◆ WHAT IS EXPECTED ◆
Go to the line containing "Ultra-endurance athlete Nick" in the records below and print it and every following line exactly, on through the line containing "My Wonky Ribs", then stop.

◆ GIVEN INFORMATION ◆
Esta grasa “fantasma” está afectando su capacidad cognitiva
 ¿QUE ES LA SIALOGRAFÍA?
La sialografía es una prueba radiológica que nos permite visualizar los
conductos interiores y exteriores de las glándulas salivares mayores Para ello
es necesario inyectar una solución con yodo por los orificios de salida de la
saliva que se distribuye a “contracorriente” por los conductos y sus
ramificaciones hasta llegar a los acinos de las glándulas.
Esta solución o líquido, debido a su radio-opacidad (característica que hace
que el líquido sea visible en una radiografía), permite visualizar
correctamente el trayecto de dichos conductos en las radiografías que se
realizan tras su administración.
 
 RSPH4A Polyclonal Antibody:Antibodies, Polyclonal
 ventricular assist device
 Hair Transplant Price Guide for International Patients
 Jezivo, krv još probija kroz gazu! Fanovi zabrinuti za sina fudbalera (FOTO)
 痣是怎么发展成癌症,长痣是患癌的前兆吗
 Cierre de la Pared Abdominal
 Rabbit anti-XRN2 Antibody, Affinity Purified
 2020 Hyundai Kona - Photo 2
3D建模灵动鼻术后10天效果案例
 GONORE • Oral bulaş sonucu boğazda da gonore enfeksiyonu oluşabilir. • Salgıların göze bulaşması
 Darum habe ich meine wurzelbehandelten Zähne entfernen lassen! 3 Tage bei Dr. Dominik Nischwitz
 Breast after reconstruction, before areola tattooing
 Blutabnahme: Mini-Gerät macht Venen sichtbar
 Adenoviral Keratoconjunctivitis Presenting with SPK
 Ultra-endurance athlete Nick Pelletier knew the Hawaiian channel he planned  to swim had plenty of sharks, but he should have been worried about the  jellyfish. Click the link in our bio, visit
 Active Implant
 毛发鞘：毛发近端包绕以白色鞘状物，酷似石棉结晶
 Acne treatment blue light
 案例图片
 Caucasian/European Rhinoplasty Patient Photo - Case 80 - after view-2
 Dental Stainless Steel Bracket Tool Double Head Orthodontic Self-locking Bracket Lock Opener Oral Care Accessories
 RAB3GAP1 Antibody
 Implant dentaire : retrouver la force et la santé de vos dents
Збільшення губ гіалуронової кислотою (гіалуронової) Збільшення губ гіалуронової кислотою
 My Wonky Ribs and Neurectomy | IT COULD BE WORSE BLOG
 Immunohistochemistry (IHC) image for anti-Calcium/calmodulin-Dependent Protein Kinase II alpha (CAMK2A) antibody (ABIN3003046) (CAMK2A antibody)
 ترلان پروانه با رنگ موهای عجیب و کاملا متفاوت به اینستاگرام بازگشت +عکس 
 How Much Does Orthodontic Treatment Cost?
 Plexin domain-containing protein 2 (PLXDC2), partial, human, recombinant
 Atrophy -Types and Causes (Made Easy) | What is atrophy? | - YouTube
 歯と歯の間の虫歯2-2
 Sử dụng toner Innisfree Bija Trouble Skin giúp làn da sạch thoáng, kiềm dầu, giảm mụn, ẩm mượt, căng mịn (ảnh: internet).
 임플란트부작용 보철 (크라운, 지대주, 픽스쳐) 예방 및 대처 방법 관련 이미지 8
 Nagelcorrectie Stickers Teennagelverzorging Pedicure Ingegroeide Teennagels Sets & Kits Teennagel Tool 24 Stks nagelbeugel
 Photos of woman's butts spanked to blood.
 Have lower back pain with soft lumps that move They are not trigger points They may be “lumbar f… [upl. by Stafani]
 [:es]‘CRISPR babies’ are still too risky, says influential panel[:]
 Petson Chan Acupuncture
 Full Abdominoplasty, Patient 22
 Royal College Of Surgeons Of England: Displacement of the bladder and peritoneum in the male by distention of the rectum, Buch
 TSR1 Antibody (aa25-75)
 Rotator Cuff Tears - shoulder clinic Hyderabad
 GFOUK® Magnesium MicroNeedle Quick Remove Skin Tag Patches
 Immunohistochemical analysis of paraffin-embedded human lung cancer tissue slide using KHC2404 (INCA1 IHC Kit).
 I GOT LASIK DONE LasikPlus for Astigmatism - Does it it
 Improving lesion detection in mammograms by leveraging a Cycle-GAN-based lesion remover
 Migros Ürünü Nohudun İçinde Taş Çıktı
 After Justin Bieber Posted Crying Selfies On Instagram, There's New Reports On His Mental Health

◆ RESULT OF THE EXERCISE ◆
 Ultra-endurance athlete Nick Pelletier knew the Hawaiian channel he planned  to swim had plenty of sharks, but he should have been worried about the  jellyfish. Click the link in our bio, visit
 Active Implant
 毛发鞘：毛发近端包绕以白色鞘状物，酷似石棉结晶
 Acne treatment blue light
 案例图片
 Caucasian/European Rhinoplasty Patient Photo - Case 80 - after view-2
 Dental Stainless Steel Bracket Tool Double Head Orthodontic Self-locking Bracket Lock Opener Oral Care Accessories
 RAB3GAP1 Antibody
 Implant dentaire : retrouver la force et la santé de vos dents
Збільшення губ гіалуронової кислотою (гіалуронової) Збільшення губ гіалуронової кислотою
 My Wonky Ribs and Neurectomy | IT COULD BE WORSE BLOG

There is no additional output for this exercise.